I am a guest at H.R. Phoenix’s lovely blog, Penable, which provides all sorts of interesting and helpful information and tips about writing.
My post shares my writing for children journey and my tips for writing for little people. Thank you H.R. for inviting me over.
Hi everyone, I hope you’re all doing great! Today we have a special guest post from children’s author, Robbie Cheadle.
This post is about her experience of writing for children.
Writing for children
I have always been a reader and a writer. I learned how to read at the age of four years old and have always had at least one book on the go ever since. Usually I read and/or listen to three or four books at the same time; one will be an audio book, one will be poetry, and two will be fiction. My interest in reading led me to ‘scribbling’ as a girl. I used to write fanciful prose full of long descriptions about flowers and snowflakes, I also always wrote poetry. English was my favourite subject at school, followed by History.
When my oldest son, Gregory, was born in 2003, I wanted him to enjoy all the books I’d loved as a girl and so I read to him. Initially I read while he fed and as he got older, we had reading sessions which got longer and longer. Even now, whenever I go to see the doctor who delivered Gregory, his receptionist comments how she remembers my son as being the little boy who would sit and be read to for up to three hours while we waited for my monthly and then weekly appointments during my pregnancy with my second son, Michael. Michael was also taught to be a reader. When he came along in 2006, he used to sit on my lap while I read to Greg. I read to, and later with, Michael until he was twelve years old.

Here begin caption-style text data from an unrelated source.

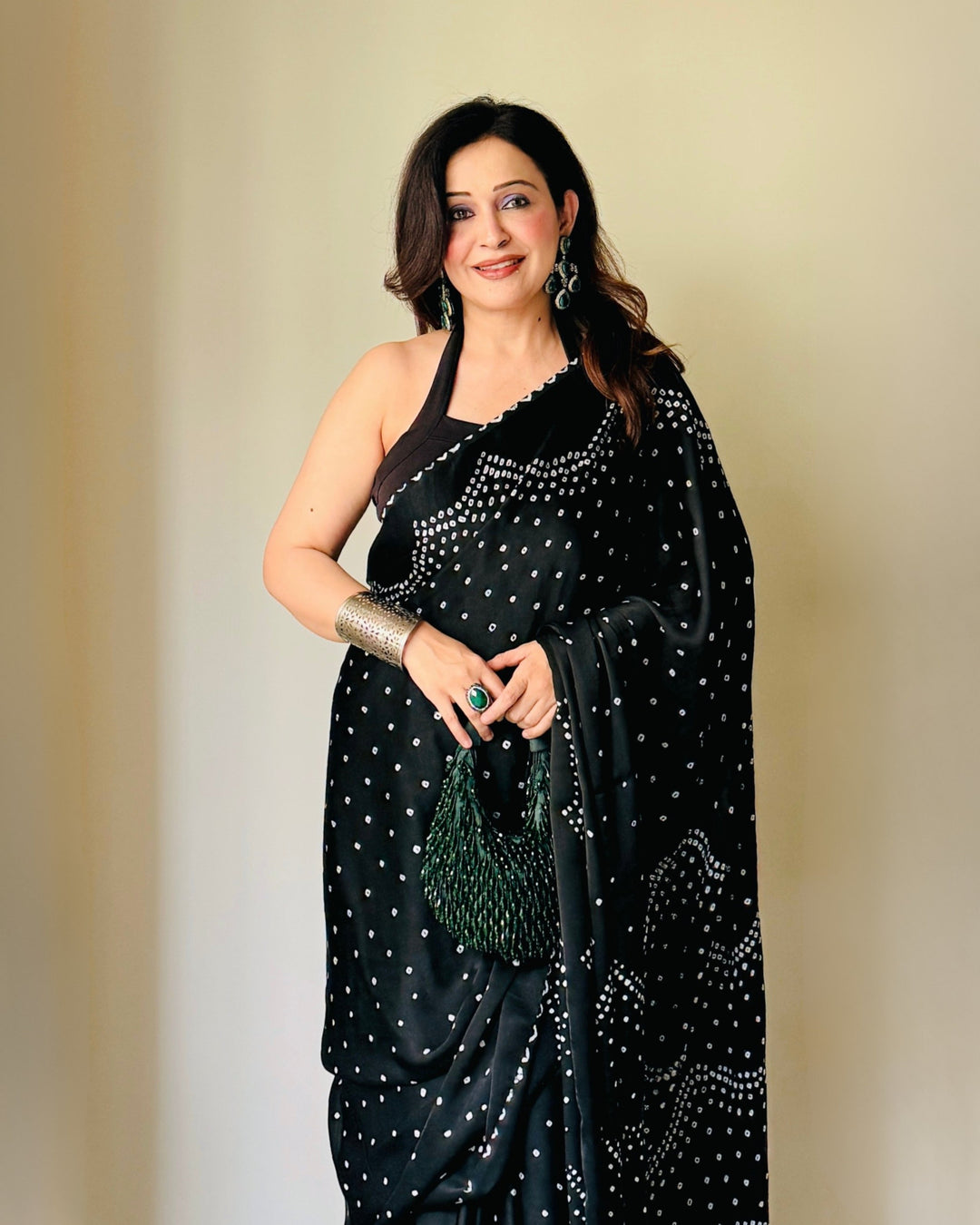 Sitara Bandhani Saree | SHOBITAM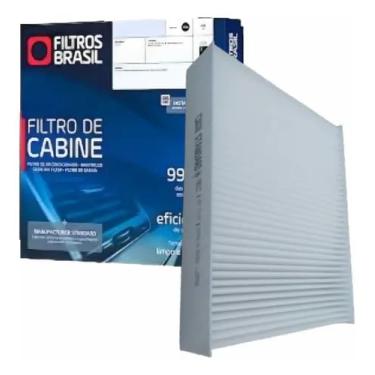 Imagem de Filtro Cabine Ar Condicionado Argo Cronos Mobi Fiorino Siena Strada Palio Uno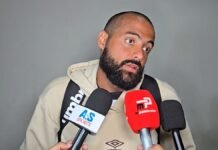 Edrick Menjívar contesta a Lavallén: “Si a Olimpia lo favorecen siempre porque no quedó campeón acá”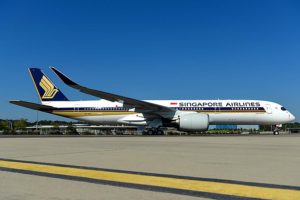 Singapore Airlines es por ahora la única aerolínea que ha adquirido el A350-900ULR,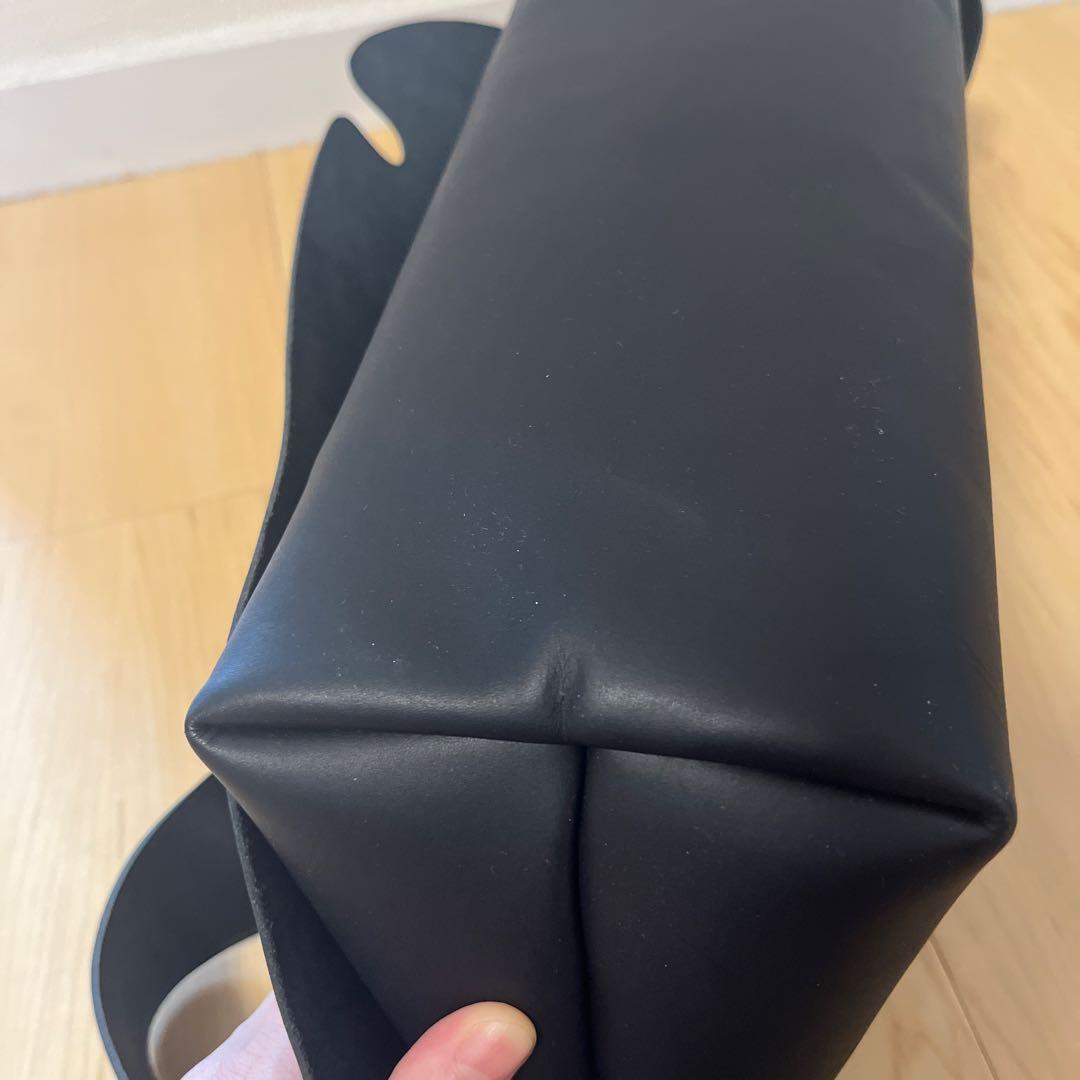 N*X様 【ほぼ新品】Uni&co ユニアンドコー　オールレザー　ブラック　Sサ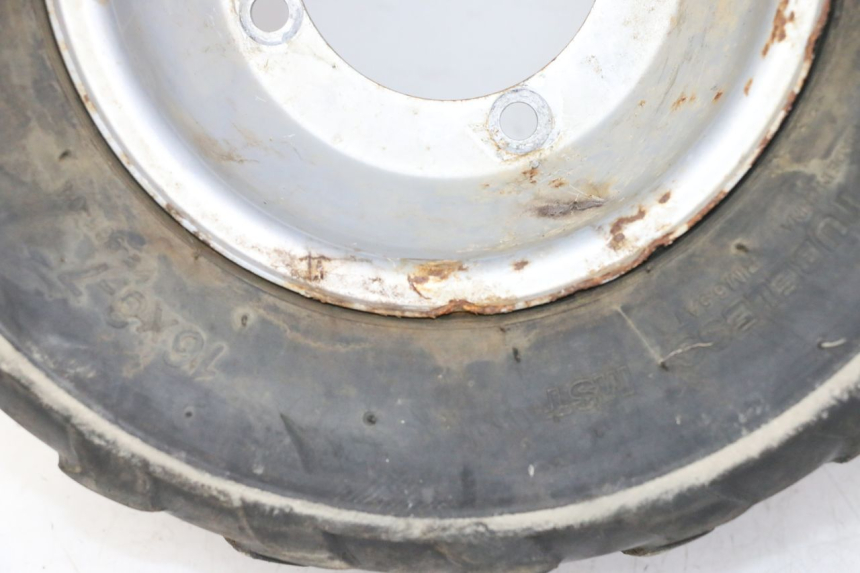 photo de CERCHIO POSTERIORE E PNEUMATICO KEROX BAZOOKA 110 - Altra angolazione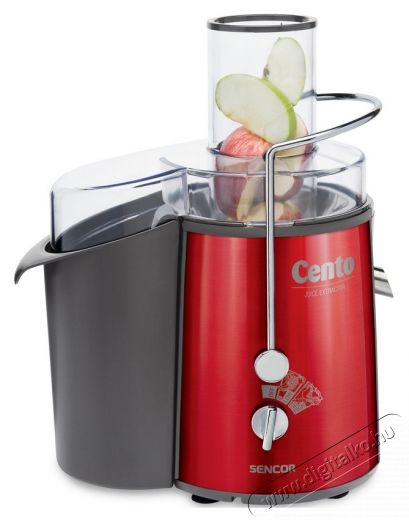 Sencor SJE 1006RD Gy&uuml;m&ouml;lcscentrifuga Konyhai term&eacute;kek - Konyhai kisg&eacute;p (elők&eacute;sz&iacute;t&eacute;s / feldolgoz&aacute;s) - Gy&uuml;m&ouml;lcs centrifuga / pr&eacute;s - 260782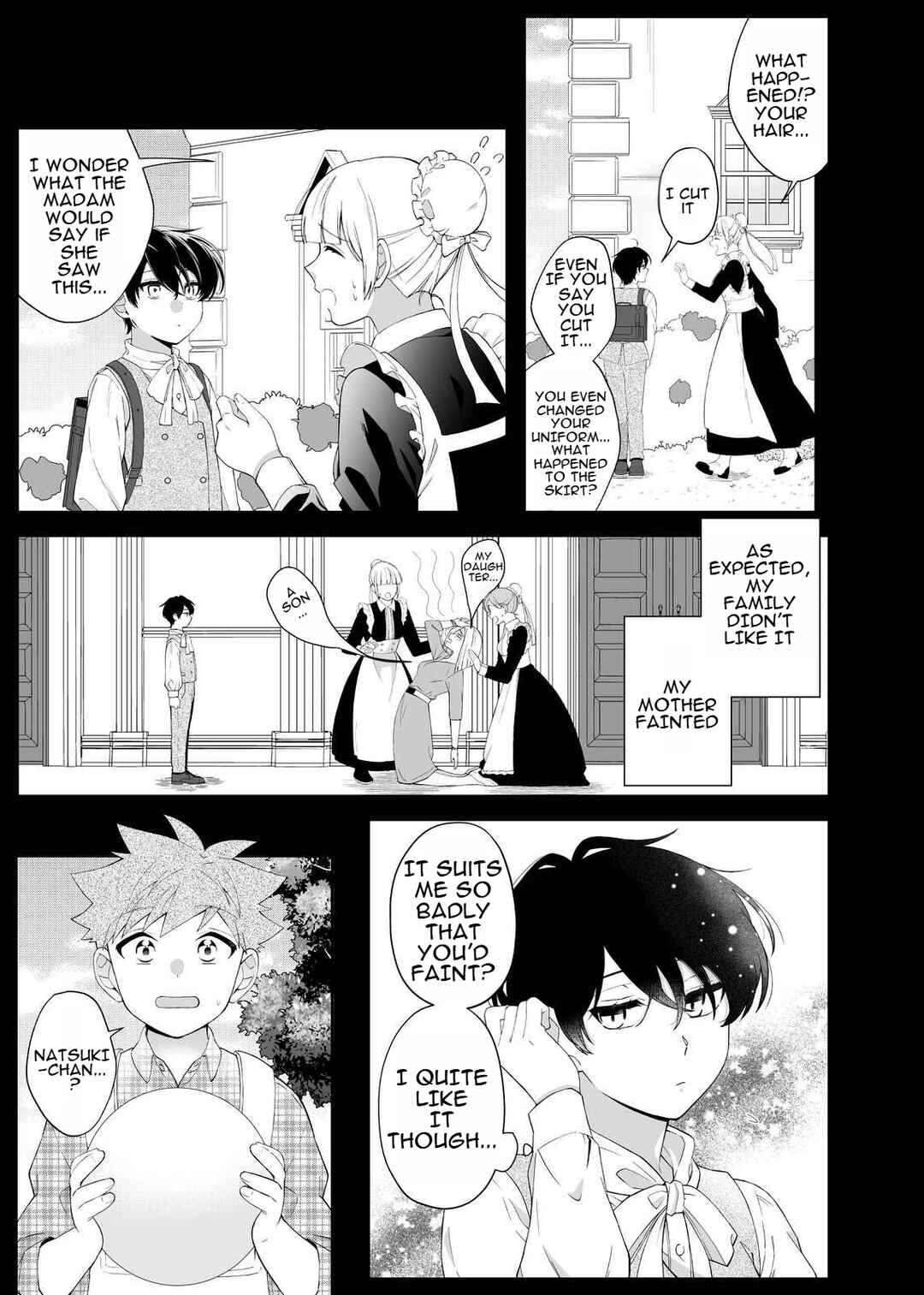 Page 7 Chapter Unknown_2ec3 Sukina Ko ni Kanchigai Sareru Hanashi.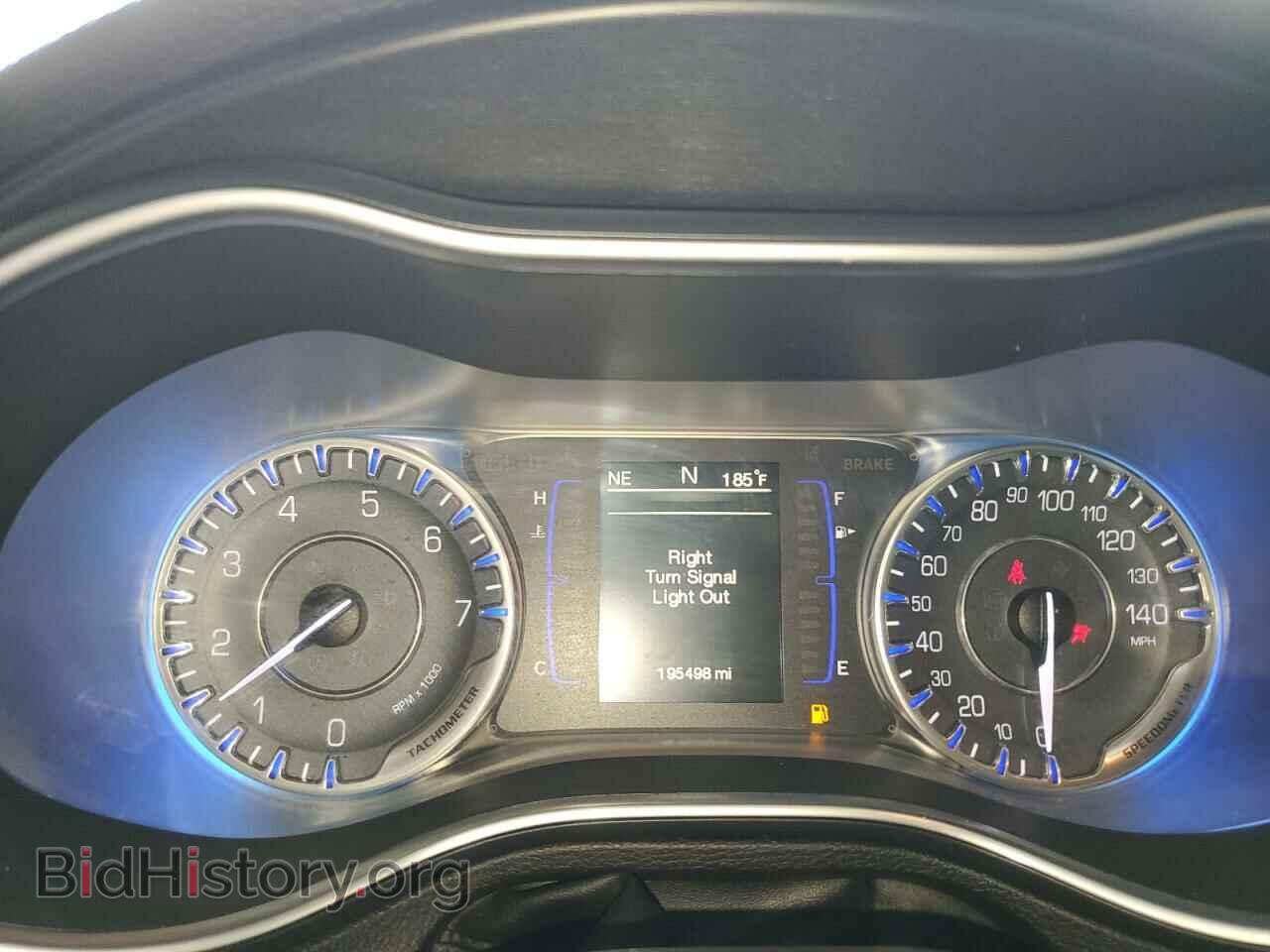 2015 CHRYSLER 200 - VIN: 1C3CCCAB3FN568653 - Фото 9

We read so much that eventually I ran out of books. We had repeatedly read all my childhood favourites such as The Enchanted Wood and the Wishing Chair books by Enid Blyton, the Dr Seuss books, the Beatrix Potter books, and many others. I started looking around for modern books to read to my sons. I was not delighted with some of the books I bought for them as many of the stories involved precocious children who made a point of disobeying their parents and doing naughty things. I didn’t want to encourage my boys into bad behavior.
When Gregory was in Grade 1, he melted his wax crayons on the heater at school after reading about similar behaviour by a boy in a book. It was this incident that pushed me to write my own series of books for children full of fantasy and adventure. I liked the idea of stories about people helping other people.